Task: The pictures are to be left out, and all remaining data is to be transcribed exactly as it appears.

Source data:
_ _ _ _
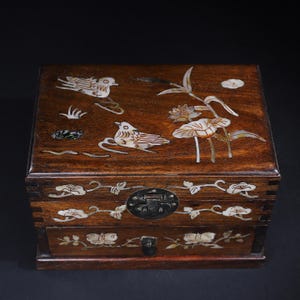 Chinese antique handmade carved natural rosewood two-layer box/storage box,home decoration,rare wood carving,worth collecting and using
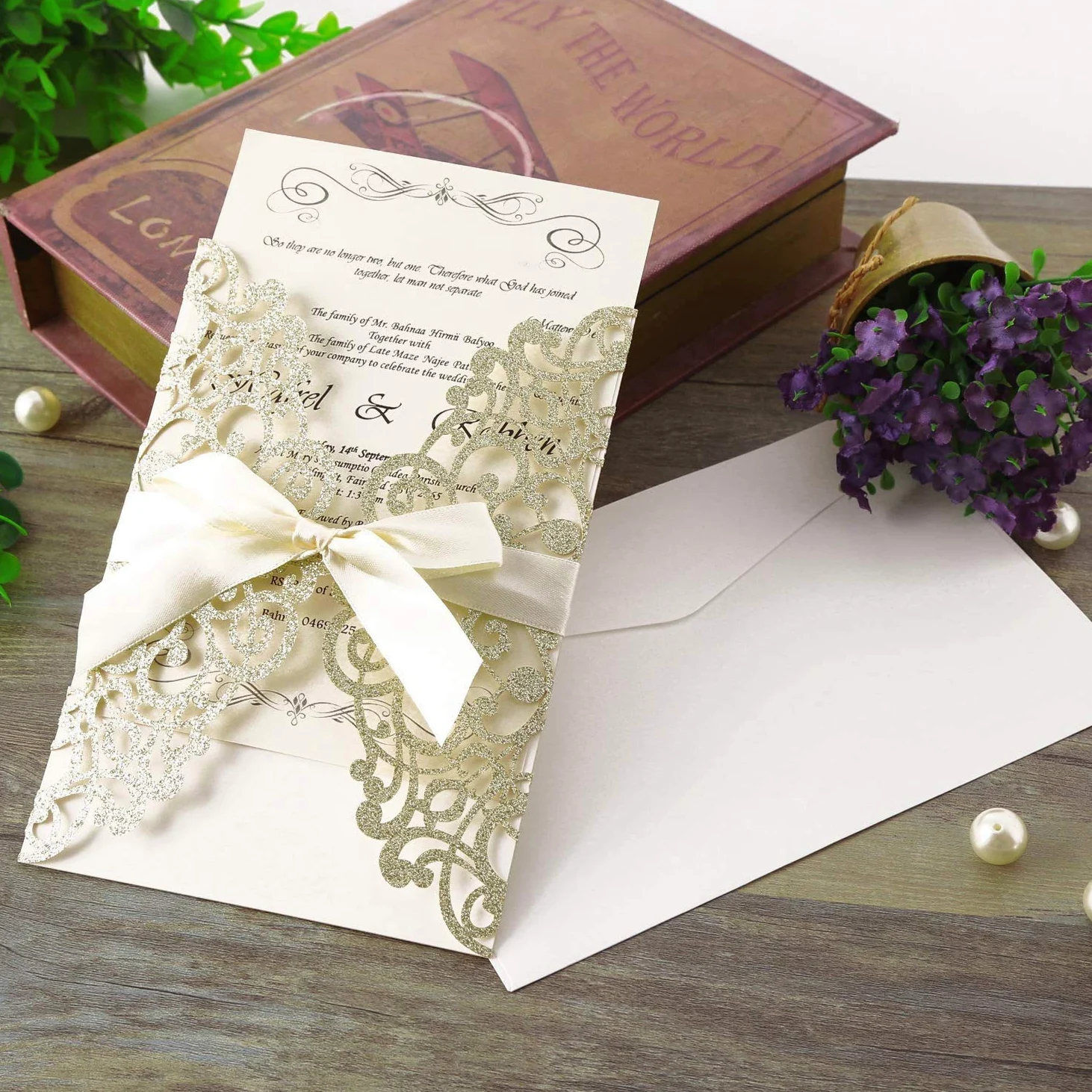 Hosmsua 50 pièces cartes d'invitation découpées au laser avec nœud et enveloppes pour invitations de mariage fête de mariage fiançailles anniversaire (paillettes champagne)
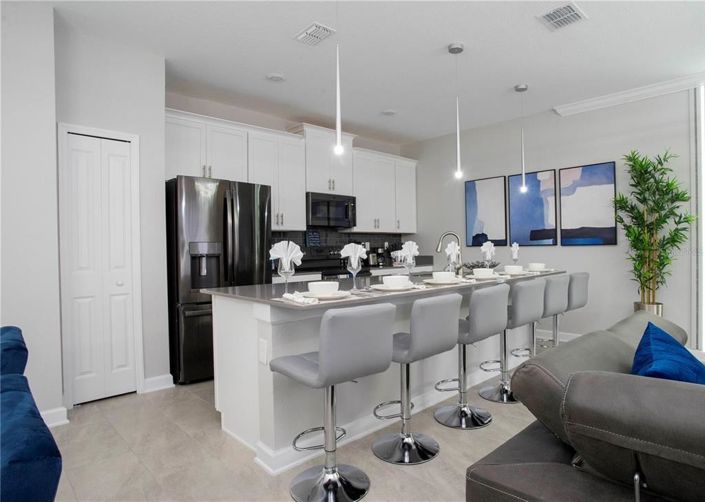 Image No.16-4 Bed Townhouse for sale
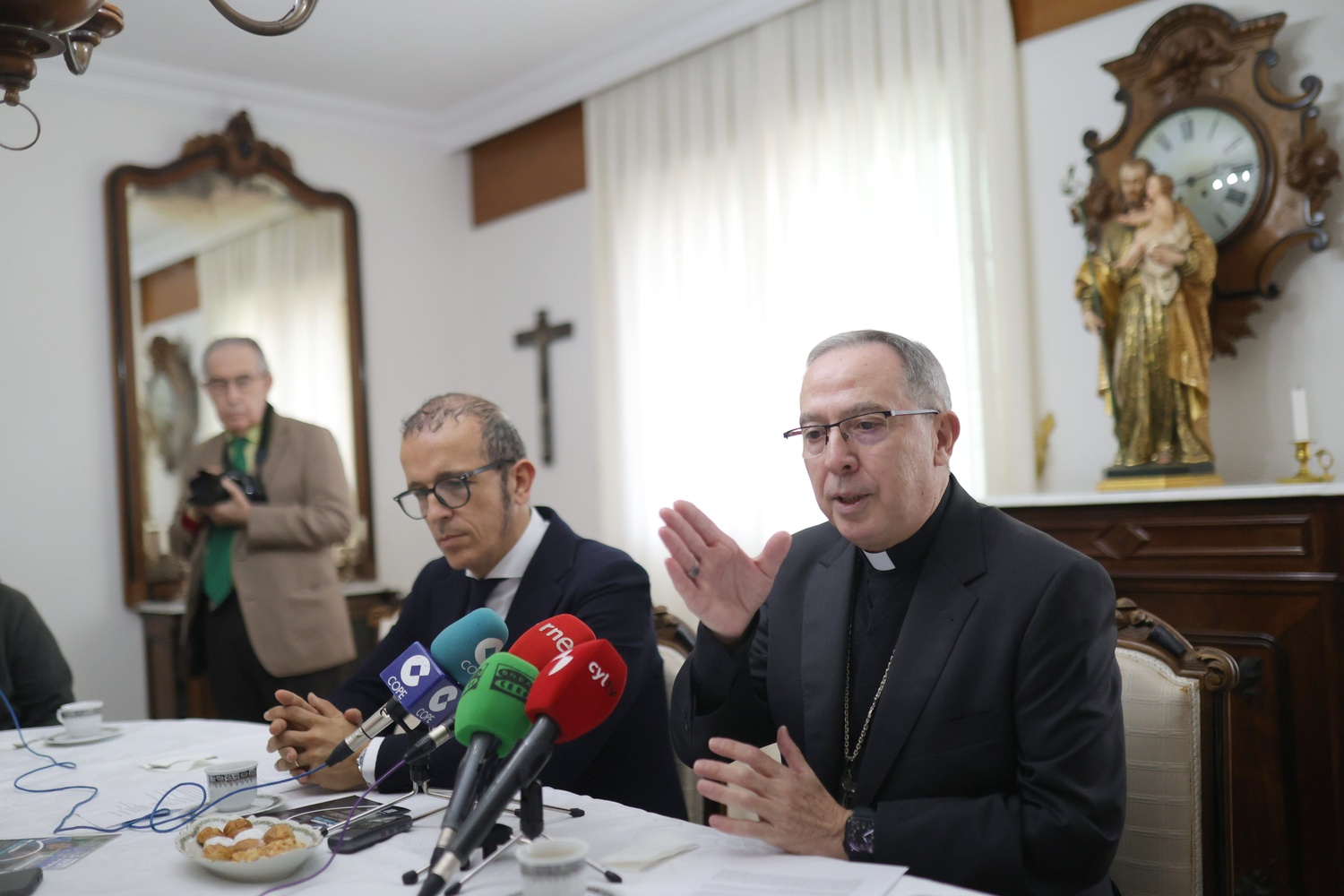 El Obispo de Zamora, Fernando Varela, y el gerente-economo de la diócesis, José Manuel Chillón,presentan la campaña del día de la iglesia diocesana 2024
_ _ _ _
Response for this exercise:
 Chinese antique handmade carved natural rosewood two-layer box/storage box,home decoration,rare wood carving,worth collecting and using
 Hosmsua 50 pièces cartes d'invitation découpées au laser avec nœud et enveloppes pour invitations de mariage fête de mariage fiançailles anniversaire (paillettes champagne)
 Image No.16-4 Bed Townhouse for sale
 El Obispo de Zamora, Fernando Varela, y el gerente-economo de la diócesis, José Manuel Chillón,presentan la campaña del día de la iglesia diocesana 2024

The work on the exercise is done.